- Theatrical release poster
- Directed by: Julio Andrade
- Written by: Julio Andrade
- Produced by: Julio Andrade
- Starring: Karen Dejo Leslie Stewart Gerardo Zamora
- Production company: Star Films
- Distributed by: Star Films
- Release date: 24 January 2019;
- Running time: 94 minutes
- Country: Peru
- Language: Spanish

= Tamarind Juice (film) =

Tamarind Juice (Spanish: Jugo de tamarindo) is a 2019 Peruvian sexploitation comedy film written, directed, produced and co-starred by Julio Andrade in his directorial debut. Starring Karen Dejo, Leslie Stewart and Gerardo Zamora, it is based on the homonymous video clip by Julio Andrade.

== Synopsis ==
Jugo de tamarindo focuses on a musician with domestic and marital problems. Until, in the middle of the tour, he meets a dancer with a traumatic past and with whom he made a successful video clip some time ago.

== Cast ==
The actors participating in this film are:

- Julio Andrade as Samy
- Karen Dejo as Morocha Elsa
- Leslie Stewart as Gloria
- Gerardo Zamora as Lucho
- Carolina Alvarez as Katrina
- Américo Zúñiga as Roberto
- Nicolás Fantinato
- Gustavo Cerrón
- Carlos Barraza
- Kukuli Morante
- Patsy Bendayán as China Ximena
- Renato Pantigozo as Rengifo
- Alonso Cano as Percy

== Production ==
On 9 September 2015 the making of a film based on his video clip Jugo de tamarindo was announced.

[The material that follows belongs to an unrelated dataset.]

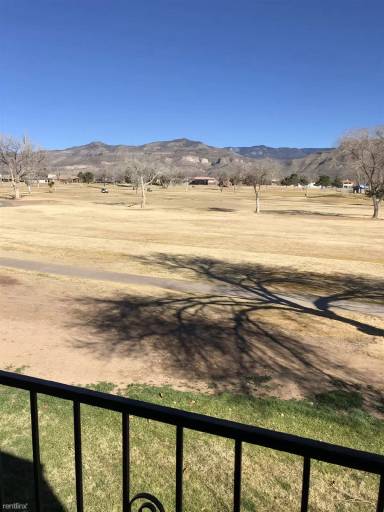 Main picture of Fully Furnished Golf Course Townhouse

Principal photography began in May 2016.

== Release ==
Tamarind Juice was scheduled to be released on 10 January 2019 in Peruvian theaters, but ended up being released on 24 January the same year.

== Reception ==
In its opening weekend it attracted 1,200 moviegoers, being surpassed by the re-release of Schindler's List.